The BMW Isetta

First announced in 1955 by BMW, the two-passenger Isetta was actually a licensed adaptation from the “bubble car” model designed by an Italian company, Iso. The initial model, the BMW Isetta 250, was powered by a specialized version of the four-stroke 250 cc BMW motorcycle engine.

The next model in line, the 1956
BMW Isetta 300 (or Moto Coupe DeLuxe), featured a more powerful single-cylinder engine of 298 cc and the bubble-style side windows were lengthened. With enhanced performance, this new model proved to be easier to drive and continued in the United Kingdom in 1957. The narrow roads and flexible regulations for motorcycle licenses in the UK encouraged production of a three-wheeled version, with right-hand driving orientation.
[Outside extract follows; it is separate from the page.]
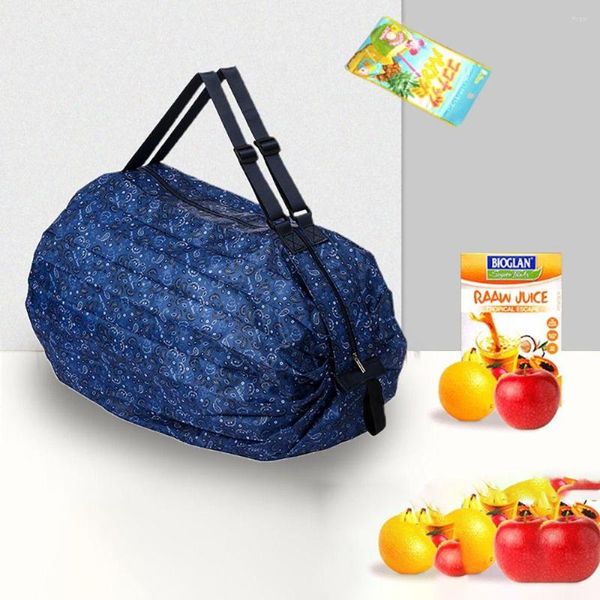 Bolsas de almacenamiento de gran capacidad para comestibles, plegable con asas, bolsa de playa azul púrpura, tela Oxford, compras plegables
An odd-cousin of the Isetta bubble car, the BMW Isetta 600 (or BMW 600), was produced from 1957 to 1959. This model utilized parts of the former Isetta, such as the suspension for the front, along with the front-mounted door, but was built to accommodate four passengers. This increased interior space called for redesign along with a 582 cc flat-twin engine. An additional door was included on the right rear side for the back seat passengers.

The era of the Isetta came to an end in 1962 as BMW returned to the conventional market with the BMW 700 that we know today.